Beginning with the top line of the listing below, give again every line up to and including the line with "sergeant and cats】"; pictures do not belong in the copy.
········
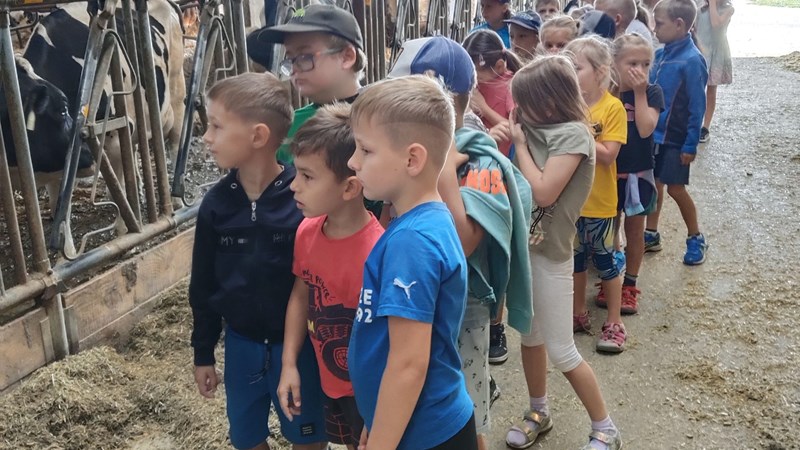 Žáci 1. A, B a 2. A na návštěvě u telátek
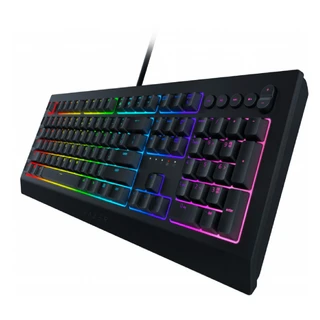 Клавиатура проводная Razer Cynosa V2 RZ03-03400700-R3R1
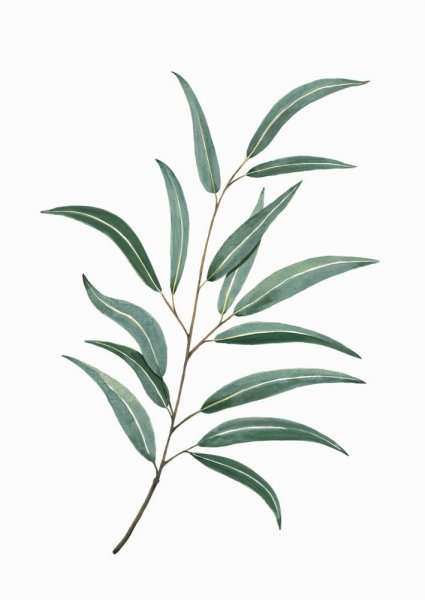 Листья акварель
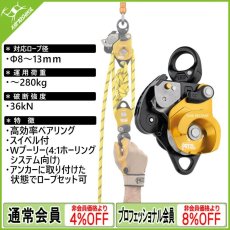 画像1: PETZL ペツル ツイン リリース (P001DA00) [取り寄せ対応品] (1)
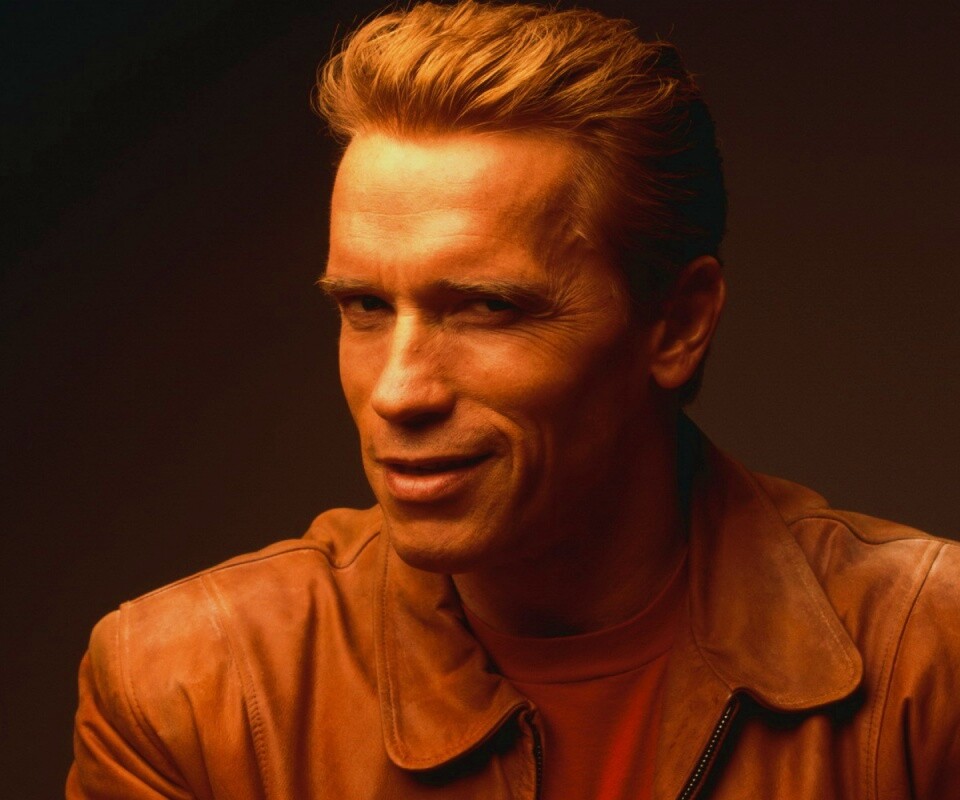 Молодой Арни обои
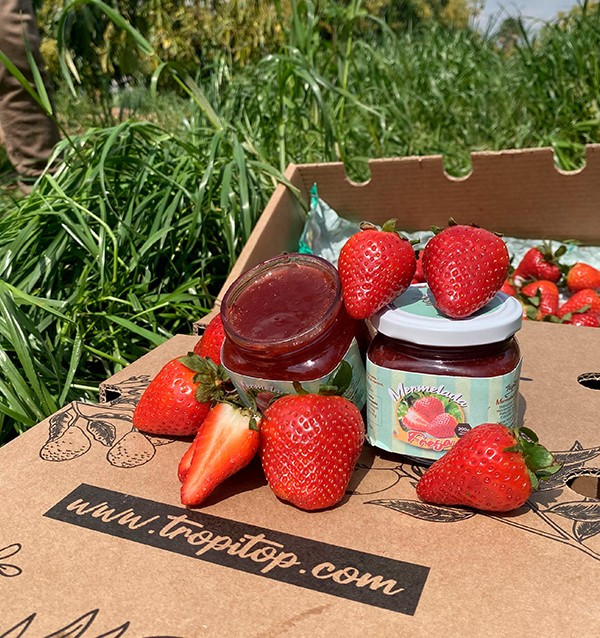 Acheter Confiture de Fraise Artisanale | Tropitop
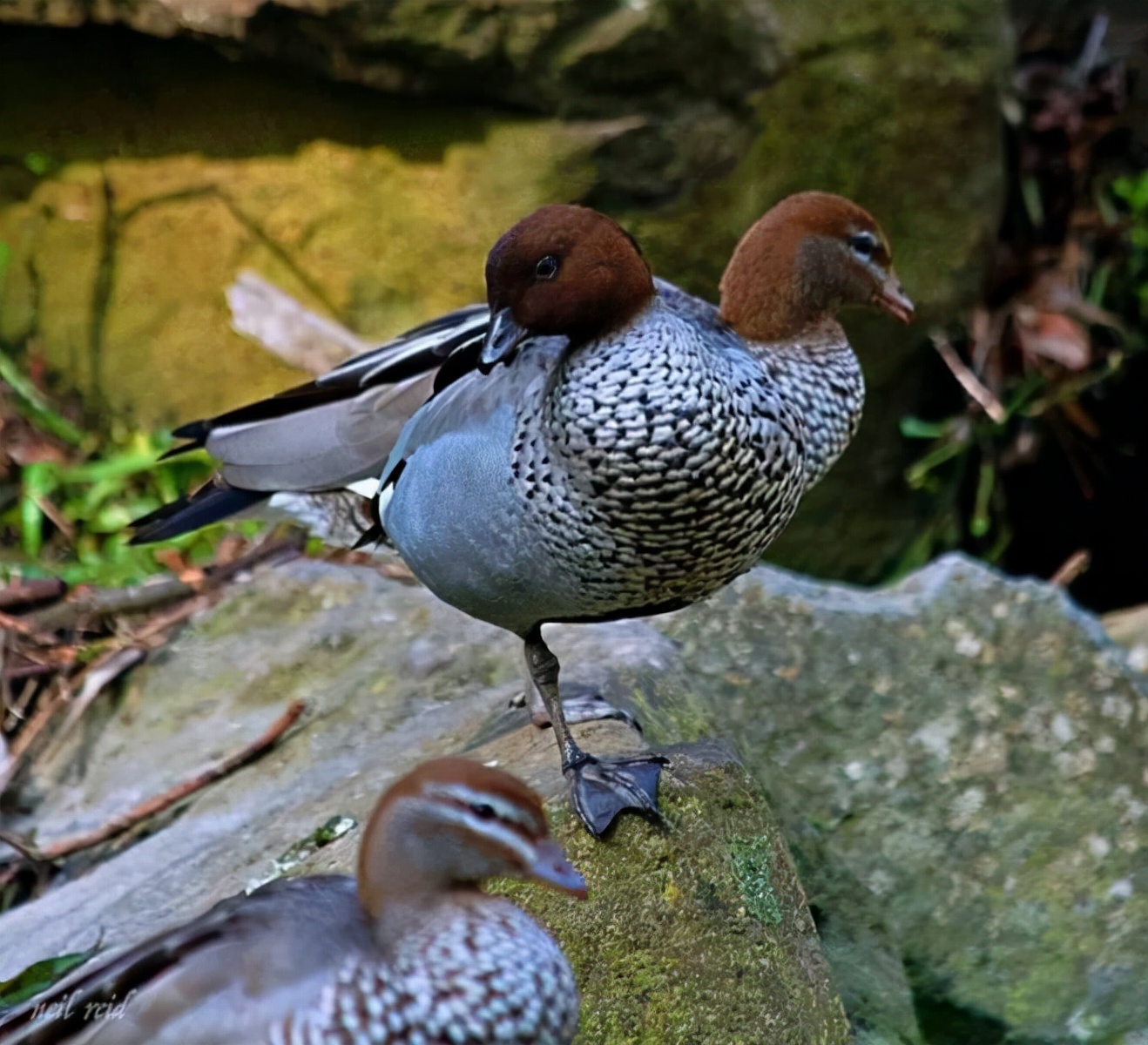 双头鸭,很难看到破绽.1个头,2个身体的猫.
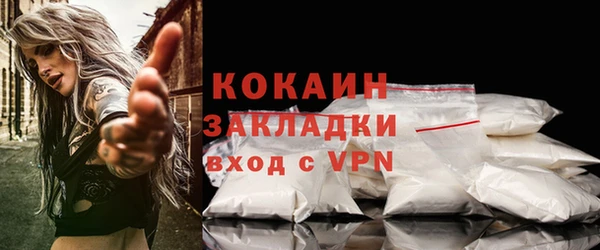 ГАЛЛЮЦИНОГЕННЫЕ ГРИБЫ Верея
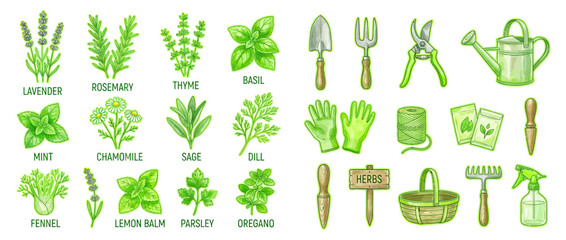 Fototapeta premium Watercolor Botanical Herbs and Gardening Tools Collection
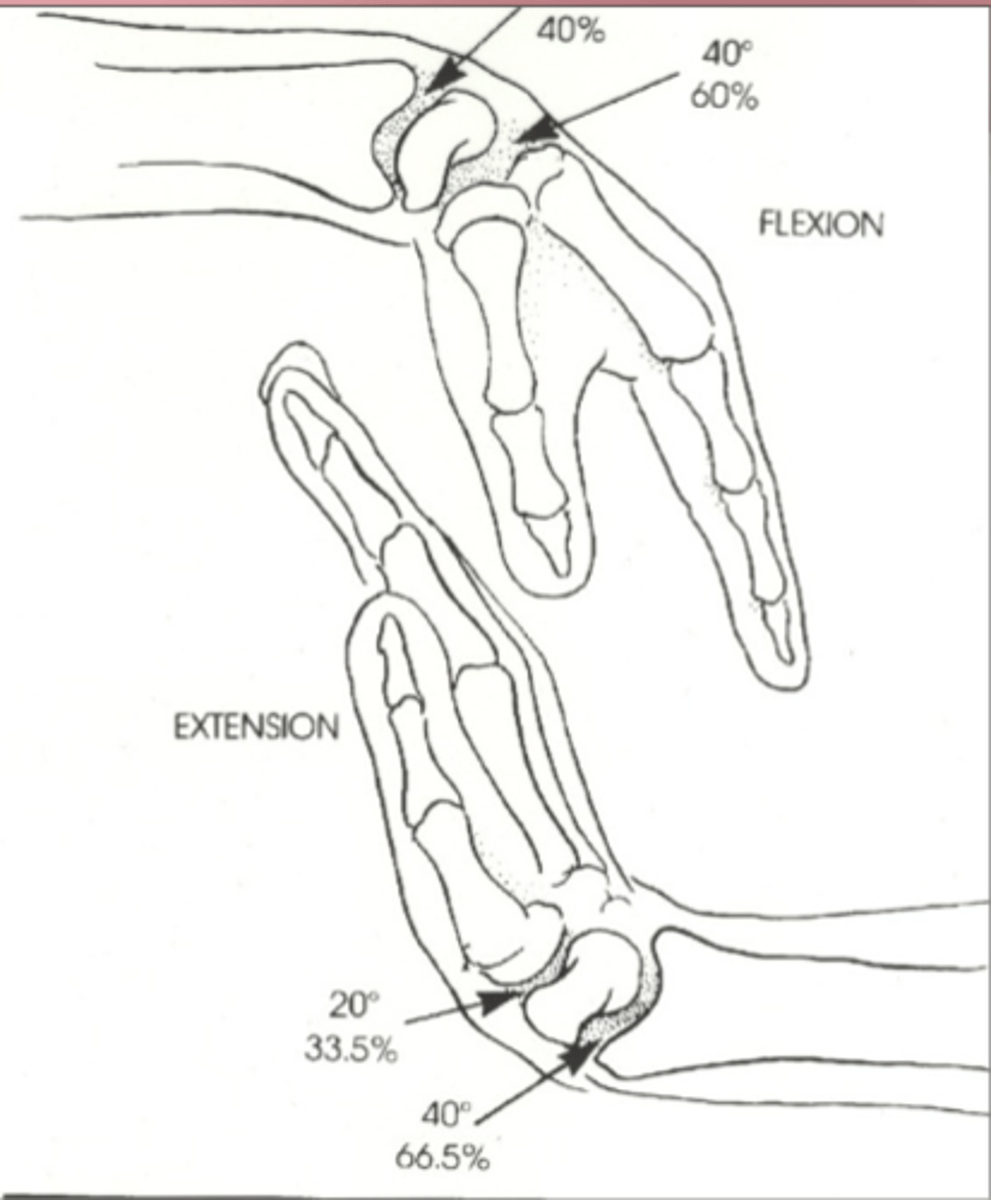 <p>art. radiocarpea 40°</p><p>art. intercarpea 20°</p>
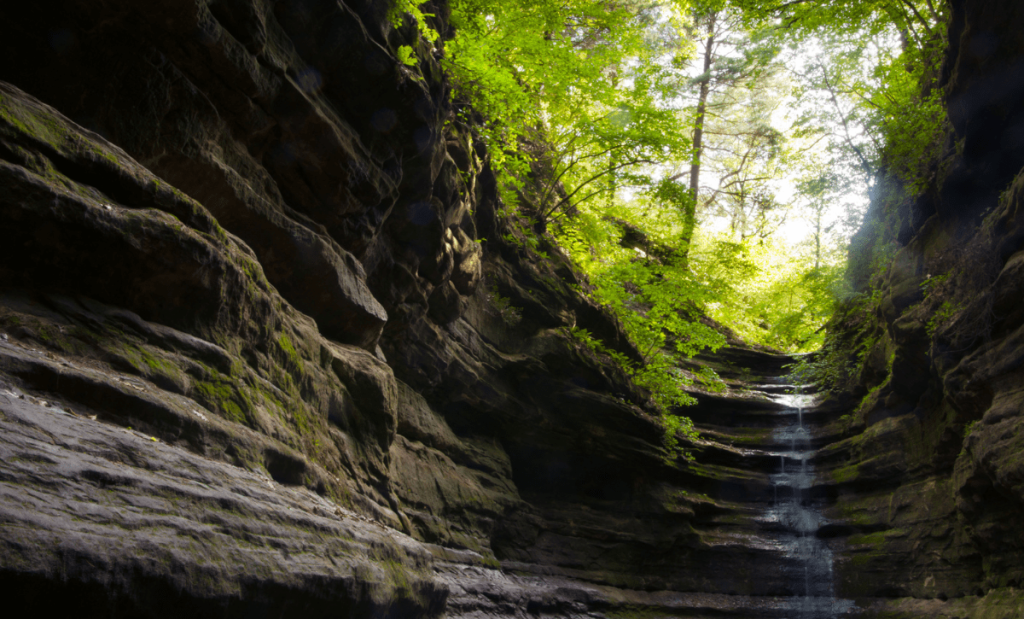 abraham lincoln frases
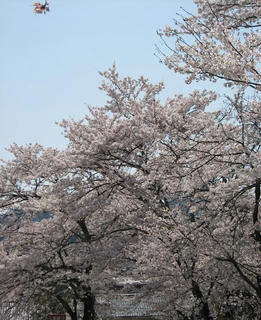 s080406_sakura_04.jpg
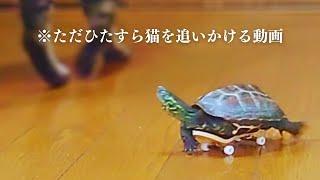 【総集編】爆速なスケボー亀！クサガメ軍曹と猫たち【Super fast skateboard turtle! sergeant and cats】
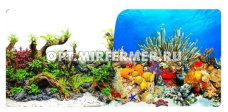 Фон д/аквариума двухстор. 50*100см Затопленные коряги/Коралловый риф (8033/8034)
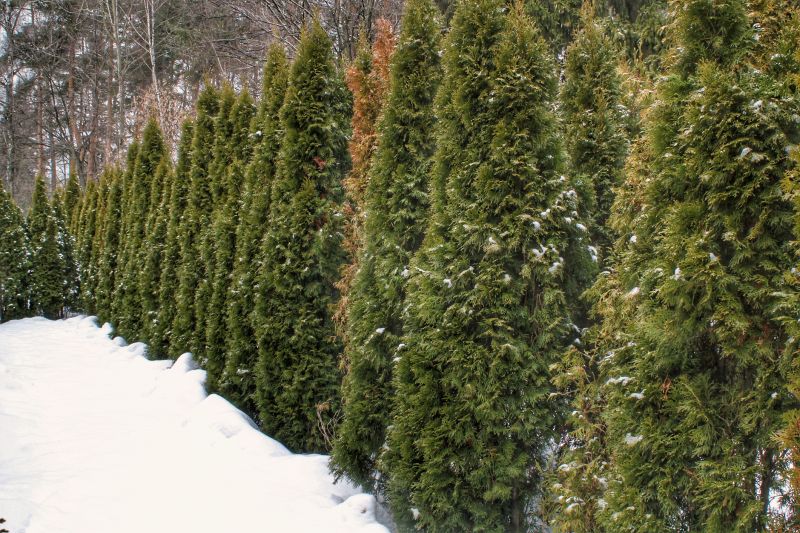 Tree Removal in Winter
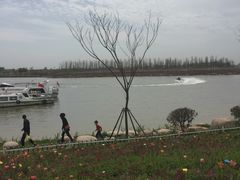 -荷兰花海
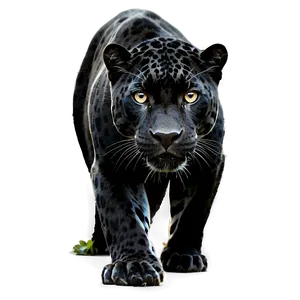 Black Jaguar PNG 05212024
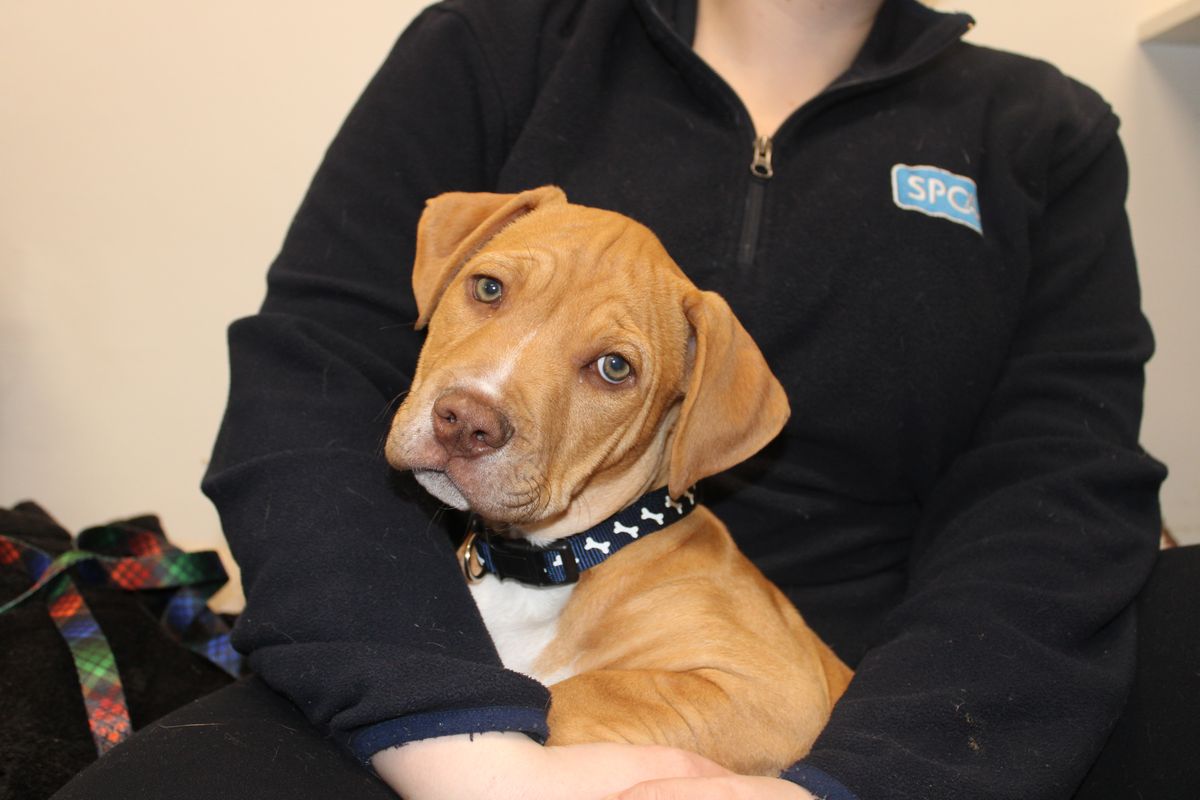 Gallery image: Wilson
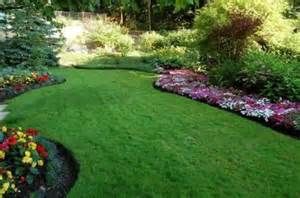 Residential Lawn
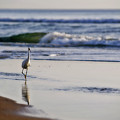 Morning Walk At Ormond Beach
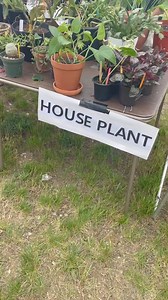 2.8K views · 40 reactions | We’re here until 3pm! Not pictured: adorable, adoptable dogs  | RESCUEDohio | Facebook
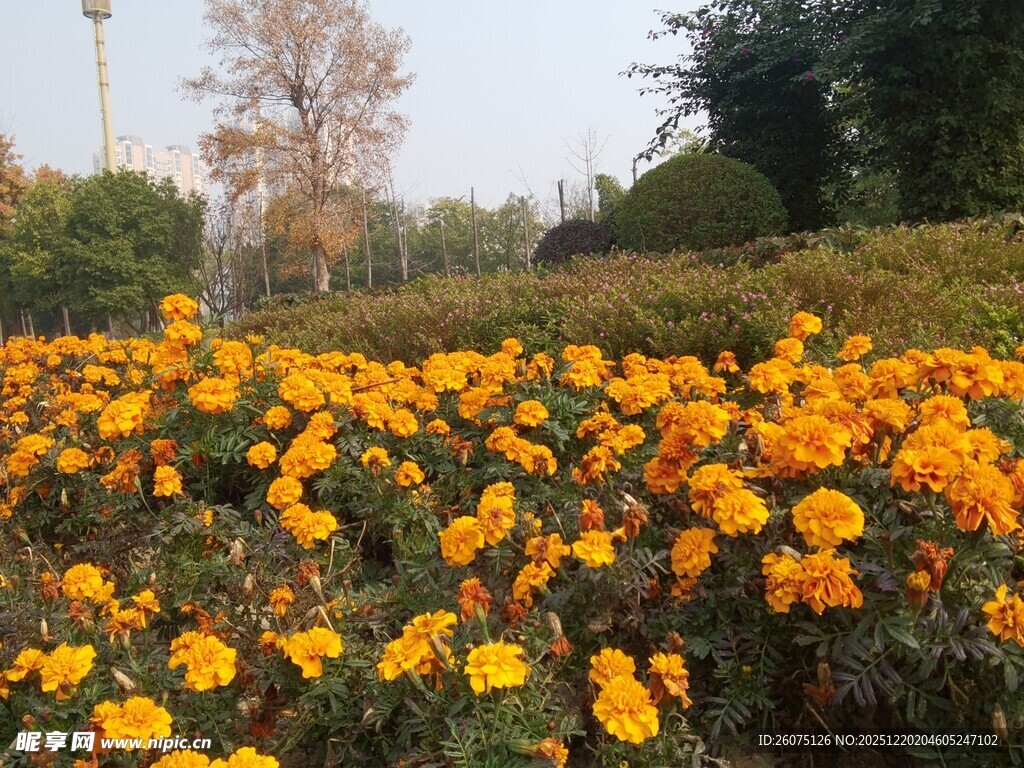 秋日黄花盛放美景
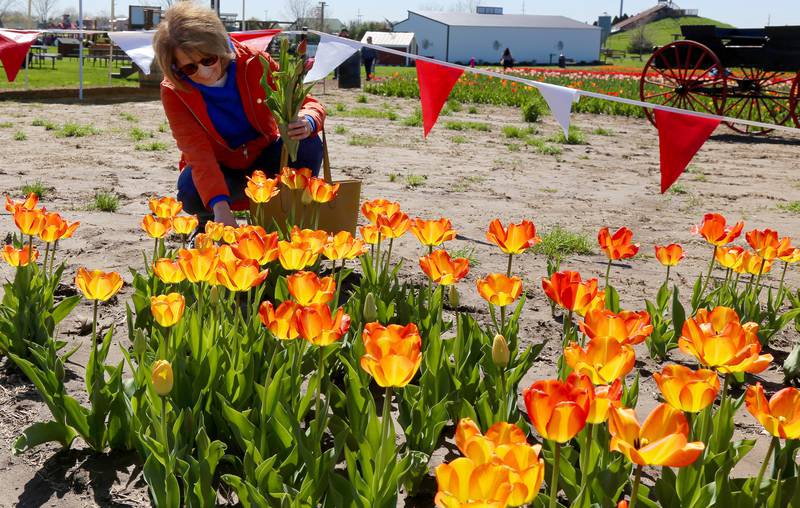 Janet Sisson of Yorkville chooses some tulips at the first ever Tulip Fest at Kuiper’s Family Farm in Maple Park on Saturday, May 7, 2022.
········
_ANSWER_:
 Žáci 1. A, B a 2. A na návštěvě u telátek
 Клавиатура проводная Razer Cynosa V2 RZ03-03400700-R3R1
 Листья акварель
 画像1: PETZL ペツル ツイン リリース (P001DA00) [取り寄せ対応品] (1)
 Молодой Арни обои
 Acheter Confiture de Fraise Artisanale | Tropitop
 双头鸭,很难看到破绽.1个头,2个身体的猫.
 ГАЛЛЮЦИНОГЕННЫЕ ГРИБЫ Верея
 Fototapeta premium Watercolor Botanical Herbs and Gardening Tools Collection
 <p>art. radiocarpea 40°</p><p>art. intercarpea 20°</p>
 abraham lincoln frases
 s080406_sakura_04.jpg
 【総集編】爆速なスケボー亀！クサガメ軍曹と猫たち【Super fast skateboard turtle! sergeant and cats】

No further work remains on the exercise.